-- TASK INSTRUCTIONS --
Could you return each line of the material that has "with" in it?
^^^^
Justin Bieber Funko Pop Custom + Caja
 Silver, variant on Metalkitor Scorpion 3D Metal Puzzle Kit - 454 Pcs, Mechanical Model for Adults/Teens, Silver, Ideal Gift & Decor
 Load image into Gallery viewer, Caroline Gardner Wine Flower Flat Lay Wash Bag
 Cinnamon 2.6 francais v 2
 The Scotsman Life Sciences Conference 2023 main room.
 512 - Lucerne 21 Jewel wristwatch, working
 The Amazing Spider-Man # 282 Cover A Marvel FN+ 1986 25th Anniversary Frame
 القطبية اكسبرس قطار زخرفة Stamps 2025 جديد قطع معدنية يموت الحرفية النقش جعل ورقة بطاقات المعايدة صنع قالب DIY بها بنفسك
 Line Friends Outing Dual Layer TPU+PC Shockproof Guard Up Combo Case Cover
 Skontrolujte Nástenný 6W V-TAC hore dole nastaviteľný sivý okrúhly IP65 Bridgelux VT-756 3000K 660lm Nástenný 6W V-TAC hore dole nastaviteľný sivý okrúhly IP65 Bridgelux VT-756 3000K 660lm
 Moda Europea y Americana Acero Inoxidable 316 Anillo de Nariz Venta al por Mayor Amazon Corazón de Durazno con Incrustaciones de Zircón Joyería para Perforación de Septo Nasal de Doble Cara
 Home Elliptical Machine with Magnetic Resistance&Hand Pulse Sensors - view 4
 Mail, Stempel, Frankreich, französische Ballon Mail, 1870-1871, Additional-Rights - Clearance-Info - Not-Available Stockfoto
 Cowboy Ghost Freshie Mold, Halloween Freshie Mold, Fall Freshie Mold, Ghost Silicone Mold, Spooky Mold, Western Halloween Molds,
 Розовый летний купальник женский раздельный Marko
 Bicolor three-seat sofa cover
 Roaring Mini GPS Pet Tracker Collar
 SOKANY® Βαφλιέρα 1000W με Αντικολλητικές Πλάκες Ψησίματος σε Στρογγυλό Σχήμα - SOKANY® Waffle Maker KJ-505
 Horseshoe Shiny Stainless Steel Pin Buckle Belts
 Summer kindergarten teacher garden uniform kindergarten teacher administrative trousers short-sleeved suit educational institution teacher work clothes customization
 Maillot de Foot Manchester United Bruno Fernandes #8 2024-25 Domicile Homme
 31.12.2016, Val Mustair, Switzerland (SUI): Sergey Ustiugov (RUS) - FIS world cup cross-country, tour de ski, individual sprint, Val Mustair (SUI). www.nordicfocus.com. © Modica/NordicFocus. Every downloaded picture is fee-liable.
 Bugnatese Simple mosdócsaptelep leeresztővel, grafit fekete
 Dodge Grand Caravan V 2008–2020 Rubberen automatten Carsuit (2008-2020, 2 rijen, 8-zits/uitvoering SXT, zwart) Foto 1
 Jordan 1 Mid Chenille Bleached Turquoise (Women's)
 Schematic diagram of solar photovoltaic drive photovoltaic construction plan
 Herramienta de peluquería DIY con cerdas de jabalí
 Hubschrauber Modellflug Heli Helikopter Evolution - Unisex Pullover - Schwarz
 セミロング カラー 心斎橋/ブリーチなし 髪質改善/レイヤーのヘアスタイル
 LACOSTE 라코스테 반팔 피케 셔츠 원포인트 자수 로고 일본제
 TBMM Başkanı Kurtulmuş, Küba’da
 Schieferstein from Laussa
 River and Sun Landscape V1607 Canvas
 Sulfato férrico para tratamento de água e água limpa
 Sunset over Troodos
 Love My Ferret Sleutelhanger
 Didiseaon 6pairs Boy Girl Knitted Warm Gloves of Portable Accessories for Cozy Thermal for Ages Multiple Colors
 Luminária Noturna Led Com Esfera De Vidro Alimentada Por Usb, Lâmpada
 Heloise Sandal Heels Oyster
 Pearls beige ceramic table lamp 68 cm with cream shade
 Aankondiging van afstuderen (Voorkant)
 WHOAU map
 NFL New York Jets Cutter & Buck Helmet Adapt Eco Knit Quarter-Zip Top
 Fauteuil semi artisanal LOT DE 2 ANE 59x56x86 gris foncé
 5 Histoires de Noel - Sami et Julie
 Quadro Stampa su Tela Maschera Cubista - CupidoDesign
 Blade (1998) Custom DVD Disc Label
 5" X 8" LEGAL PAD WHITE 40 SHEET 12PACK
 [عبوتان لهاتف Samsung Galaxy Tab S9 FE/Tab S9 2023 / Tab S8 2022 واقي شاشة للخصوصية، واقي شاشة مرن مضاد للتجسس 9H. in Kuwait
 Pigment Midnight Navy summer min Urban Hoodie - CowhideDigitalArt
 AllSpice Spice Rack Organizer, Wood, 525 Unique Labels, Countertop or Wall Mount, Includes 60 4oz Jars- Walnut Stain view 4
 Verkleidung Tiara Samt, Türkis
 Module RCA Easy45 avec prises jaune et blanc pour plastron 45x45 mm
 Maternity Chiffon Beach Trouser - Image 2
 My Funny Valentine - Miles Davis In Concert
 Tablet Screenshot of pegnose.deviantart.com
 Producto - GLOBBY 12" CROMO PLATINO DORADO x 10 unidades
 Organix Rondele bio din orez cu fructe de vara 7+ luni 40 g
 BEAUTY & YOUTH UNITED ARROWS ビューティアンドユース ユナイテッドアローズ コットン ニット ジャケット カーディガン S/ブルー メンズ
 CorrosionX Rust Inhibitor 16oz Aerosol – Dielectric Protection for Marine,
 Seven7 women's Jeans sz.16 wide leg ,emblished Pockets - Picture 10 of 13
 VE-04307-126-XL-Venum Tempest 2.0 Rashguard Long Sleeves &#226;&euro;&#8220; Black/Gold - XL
^^^^
-- ANSWER SECTION --
 Home Elliptical Machine with Magnetic Resistance&Hand Pulse Sensors - view 4
 Pearls beige ceramic table lamp 68 cm with cream shade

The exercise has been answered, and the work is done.